What Xi talks about when Xi talks about reform


The People’s Daily tried valiantly but in vain to use rap videos to excite us about the Two Sessions, China’s biggest annual political meeting. But alas, the Two Sessions is a ritual full of set-pieces that bores many journalists to tears.

  • Occasionally, the events are livened up by mini scandals. In 2012, China’s internet was scandalized by the expensive luxury clothing worn by some delegates at the annual meeting.
  • In 2014, Chinese and foreign journalists cursed when a question for the “foreign media” was given to a journalist from an Australian media company controlled by the Chinese state.
  • This year has seen a repeat of the planted question from a “foreign” media organization: a journalist from a U.S.-based news media channel named AMTV that is affiliated with China’s CCTV asked a softball question. The reporter sitting next to her rolled her eyes dramatically — visualizing the feeling that Two Sessions and its managed media events produce in many of us.
  • The second reporter’s dismissive facial movements were captured on TV and instantly became an internet meme, in which the first journalist with the softball question is named “question-asking bitch” (提问婊 tíwèn biǎo).

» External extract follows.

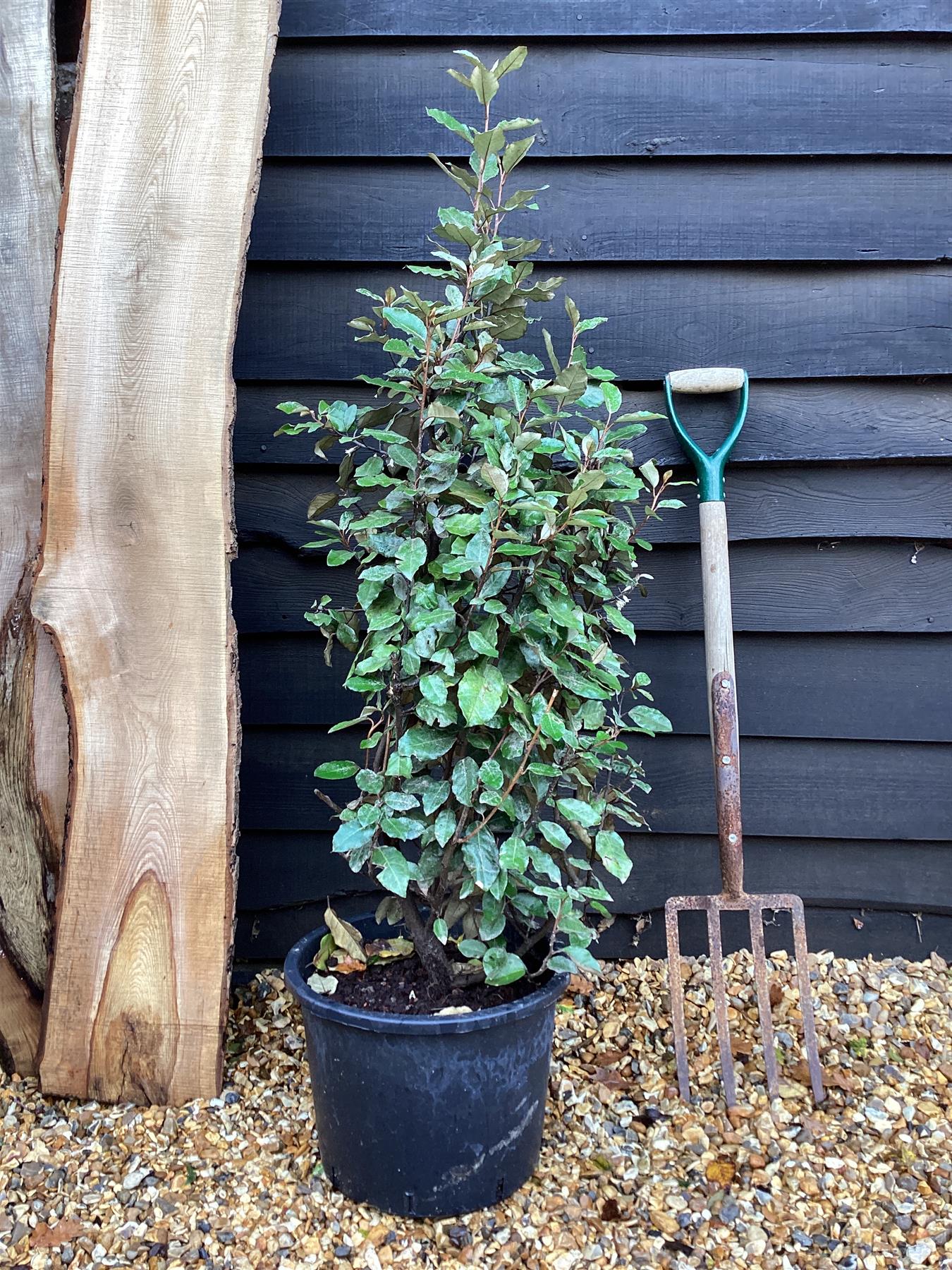 Elaeagnus ebbingei Compacta Oleaster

A lot less fun than eye-rolling journalists is the announcement at the Two Sessions of a plan to restructure the ministries and commissions under the State Council, especially organizations that regulate the finance industry and the environment. You can read about these changes in more detail below.

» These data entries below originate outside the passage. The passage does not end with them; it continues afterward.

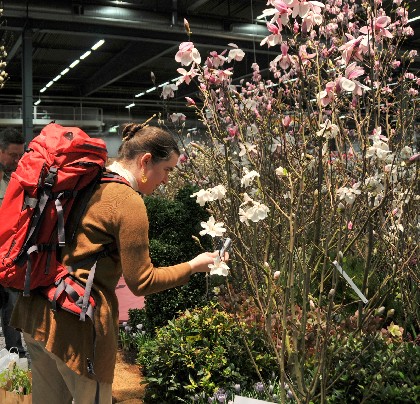 W@ˇչ˹¸砖Ħ_(ki)Ļ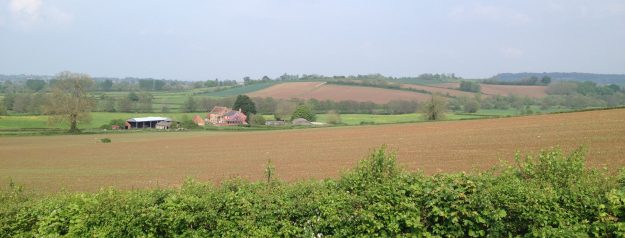View from the hospital of farmland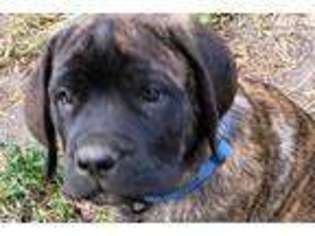Mastiff Puppy for sale in Bellingham, WA, USA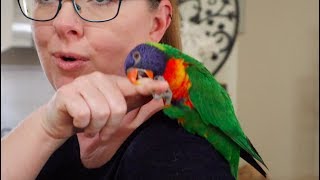 So You Think You Want a Lorikeet [upl. by Nalyd]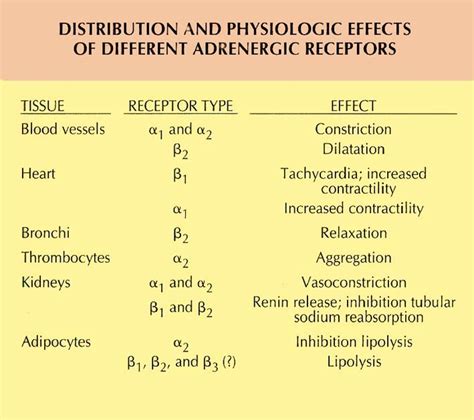 Receptors, Adrenergic; Adrenergic Receptors; Adrenoceptors; Receptors, Norepinephrine; Receptors ...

This government reshuffle is so far the most significant news to come out of the Two Sessions after the controversial constitutional amendments that include the removal of presidential term limits.

Evan Feigenbaum of Macro Polo recently argued that to Beijing, “reform” means “market liberalization; administrative measures to increase bureaucratic and operational efficiencies; and a rebalancing of authorities and decision powers among central and local levels of government.”

The government restructuring is happening now, I would argue, because Xi feels powerful enough to disturb entrenched interest groups. If you accept Feigenbaum’s definition of Chinese reform, the departmental rearrangements are a sign that Xi’s reforms are finally on track, even though they will not be to the taste of many observers.

16+1: China changes tack in Central and Eastern Europe

In 2016, China set up a new group called “16+1” — the name refers to the 16 countries of Central and Eastern Europe plus China — one of the newest of many multilateral organizations like BRICS and the SCO that China has created or co-opted in the last decade. But 16+1 was always a prickly affair:

  • Many of the 16 Central and Eastern European countries, such as Poland and the Czech Republic, have not had smooth relations with the People’s Republic until recently.
  • Each of the 16 have very different relations with Russia, the European Union, and China itself, making it difficult for the multilateral group to come to a consensus on anything. The 16 are: EU members — Bulgaria, Croatia, Czech Republic, Estonia, Hungary, Latvia, Lithuania, Poland, Romania, Slovakia, and Slovenia — and non-EU states — Albania, Bosnia and Herzegovina, Macedonia, Montenegro, and Serbia.
  • “China could delay the next ‘16+1’ summit, scheduled for the Bulgarian capital, Sofia, later this year, and hold future meetings every two years instead of on an annual basis,” according to a Reuters article citing “three European diplomats.”
  • Concerns that Beijing is seeking to divide Europe may be one factor in the decision; Beijing is apparently aware of its image problems, and this comes “at a time when the EU is discussing steps to more strictly control corporate takeovers of European firms by Chinese rivals.”
  • Enthusiasm for Chinese-led organizations and Chinese investment “remains strong in non-EU states like Serbia,” according to Reuters, partly because they crave Belt and Road dollars.